Hocus is still performing incredibly well. We've had about 60 backers over the weekend, which is enormous for a small campaign like us. You can see the Kicktraq here.

A few days ago I wrote a post about things I'd learned in the first 36 hours, and I wanted to follow that up with a few more observations.

Kickstarter is still growing. There's a good chance you're going to be someone's first five backed projects. This has really caught me off guard. We're at the point now where our dedicated social circle has made a decision on Hocus and backed, so most of our new backers are friends of them, friends of friends, or just random folks off the Internet.

As I write my Thank You notes, I can see how many projects every backer has backed. In many cases, Hocus is their first! Or their third. Or fifth.
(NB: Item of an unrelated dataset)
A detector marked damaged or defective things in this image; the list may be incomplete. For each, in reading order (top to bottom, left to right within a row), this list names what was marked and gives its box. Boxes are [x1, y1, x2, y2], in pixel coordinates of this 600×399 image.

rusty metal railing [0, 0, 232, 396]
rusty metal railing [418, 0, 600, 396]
This tells me a few things that are important to keep in mind:

  1. Kickstarter is still a growing platform. If we take care of this ecosystem, it can be around for new companies for a long time, long after I stop using it as a creator.
  2. You have a huge opportunity to make a great first impression. Though this impacts others, think about the relationship you can build for your company if the first time they dip their toe in the water they have a great experience. More than anything I want people to remember their experience with Hyperbole Games fondly. If we're one of the first companies, we can make a great first impression.

Europeans very much want to buy our games. Even with international shipping, the number of Europeans interested in Kickstarter is huge. Our game is small, so our costs aren't too bad, plus we're subsidizing it slightly and have a good group offer. But, we're definitely losing a few customers due to our shipping.

Unfortunately, many of the European Friendly methods aren't feasible for us at this time. They require a level of investment and additional complications we're not comfortable with. But, if you have a bigger game, or feel you can take on these methods, I recommend it.

As an aside, I find it quite fascinating that brand new companies are expected to have killer international fulfillment options out the gate. Think about this: incredible companies like Portal and Czech Games Edition have been in the business for years, but are only now handling distribution outside of their territories. Previously, they worked with companies like Z-Man to sell in the United States.

When you launch a Kickstarter, you will be compared to everyone that came before you. Even if someone else's methods are illogical, do not make financial sense, or don't work behind the scenes, the customers will now have expectations. Either be prepared to meet them, or discuss them in a frank manner.

Folks have had bad experiences. A few times, I've mentioned that we're going to try to not spam folks with our updates and share them at a reasonable pace. Every time I say that, many people come forward to say "Please don't go silent! More is better than less!"

Now, we have no intention of leaving folks high and dry or going silent. Silence in a crisis only worsens things, if we have one. But, people have been burned before, have seen it done badly, and are willing to come forward and speak out when they have the slightest notion that it'll happen again.

Have your communication plan in order. Know how you plan to speak to people. Be ready to engage them frequently. You'll see me say this over and over, but provide a great experience for your customers, whether it's on Kickstarter or otherwise. You have the opportunity to make them smile and remember good things. That'll pay dividends long into the future.

People will change their minds. This is a little maddening, mostly because you want to know why, but people will cancel their pledge. This has happened a few times with us already. There are so many possible reasons for this:

  • People are annoyed we've sent 3 updates already.
  • People don't like our no Stretch Policy.
  • People have another use for their $15.
  • People pledged, then played the PNP, and decided they didn't like it.
  • People want to back a man with more hair than I have.

The possibilities are truly infinite. Don't let this wear you down or frustrate you. If someone cancels? Fine. You have to be okay with that! They probably just changed their mind, which is what people do all the time.